If this is indeed the worry, then it's woefully off-target, and betrays a deep misunderstanding of what happened back in the 90s. The simple truth is that Windows "won" because it did something that no other OS had been able to do to the computing industry in the 80s: it defined what a computer was in the eyes of 90% of the market.
Let's take a look at what the computing industry looked like in the 80s. If you wanted a home computer, you could choose to buy, say, an Atari ST, or an Amiga 500, or a Sinclair Spectrum, or an Amstrad, or a Tandy, or even an IBM PC or an Apple Macintosh if you had the budget. Each of these ran an OS built by the manufacturer (mostly), and the OS your computer shipped with was likely the OS it remained with. The idea that you could, or should, be able to take an app from your ST and run it on your Mac was ludicrous, despite the fact that they were based on the same underlying chips, and could read each others disks.
If you read my previous article, this situation should sound remarkably like the mobile industry in up till 2007.
Now, let's look at what happened to the computing industry in the mid 90s: Microsoft released Windows 95. Its wild success homogenised the market, and within a couple of years, every computer ran Windows. Why? Because Microsoft introduced most of the world's population to a modern concept of "computing", and it looked like a button saying "start".

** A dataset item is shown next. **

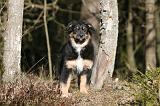 BERGER AUSTRALIEN PUPPIES 592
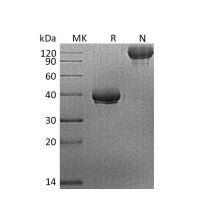 Recombinant Human BCMA (C-Fc)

Microsoft didn't make its own computers, so had to license its OS to manufacturers in order to get its product in front of users, but here's the key point: the OEMs shipped what Microsoft gave them. MS didn't create Windows as a way to let Dell build its own OS, it created Windows in order to own the idea of computing. Dell didn't ship Dell OS, it shipped Windows. So did HP. So did IBM. So did everyone. MS retained an immense amount of control over its platform, in order to ensure that its users would recieve a consistent, unified experience of computing, and would insist on only purchasing computers that provided that experience.
Microsoft redefined what the computer industry was with Windows 95, in that it took a previous idea that had traction (you buy a computer, it ships with its own fixed OS) and flipped it (the version of the OS isn't tied to the hardware you bought, and your next machine feels exactly like your current one).

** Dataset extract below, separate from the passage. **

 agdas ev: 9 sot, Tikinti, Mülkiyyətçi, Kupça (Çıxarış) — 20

This is precisely what Apple did, and is doing, to the mobile industry.
The only difference between then and now is to do with how Apple and Microsoft chose to make money. A Windows license costs far less than a PC, and costs more to build and maintain. Software isn't cheap: You don't get economies of scale with software, unless you sell a boatload of them. Microsoft didn't make its own PCs, so it had to ship volume to become profitable. That's why market share mattered for Windows, that and the fact that, in order to turn the industry, MS had to "own" computing.
But make no mistake, market share was won in pursuit of profits. Android has market share, but how much profit is Google making from it? Market share is a meaningless business metric unless it's bringing in cash, and Android could have 100% market share but still make no profit for Google.

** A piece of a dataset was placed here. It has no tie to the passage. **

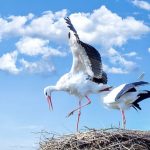 Animales ovíparos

Compare with Apple's route to profits: It sells its own hardware, has an insanely well-tuned supply chain, and is simply gobbling up the cash in the market. Share doesn't matter when you make your own incredibly profitable hardware, and when you've locked up the supply chain so nobody else can hope to be as profitable.
And here is where the Android = Windows comparison finally breaks completely. Imagine a world where Microsoft had launched Windows 95 on its own hardware, not licensing it. Windows is still insanely successful (it's still Windows, after all). Suddenly, the PC industry is going to go out of business unless it can sell hardware with a comparable OS to Windows. What happens? Dell, IBM, Atari, Commodore et al turn to Linux. They can use Linux to build their own Windows-like OS, and remain competitive. So they do that. And Linux fragments. And nobody loses to begin with: Windows PCs are premium products, Linux knock-offs sell to those that don't know any better.
For a while, the Linux PCs are far more popular than the "premium" Windows PCs, despite the fact that Linus makes not a cent in profit from any of those PCs that run his OS.
But eventually people realise that Linux is just lipstick on the pig that was the "force them to upgrade the hardware" model that dominated the 80s, and that the real revolution is that Windows is a "computing platform" that grows as they grow, instead of the siloed "development platform" that the manufacturers are using as a stick to sell hardware. The truth is that there is no "Linux Platform", only old computers running a Linux-derived OS.
And all the while, Microsoft can't hear anyone say they're losing over the sound of the cash registers.
Of course, that didn't happen, and that's why the cries of "here we go again" are simply bullshit. What happened is that MS dominated the computing industry for a over a decade. And then, well, then it found out what happens when your profits are directly proportional to market share.
Microsoft's profits relied on manufacturers considering them the only game in town. Apple's profits rely on nothing other than continuing to make something people that want.
And Apple has a ten year head start on defining what people want.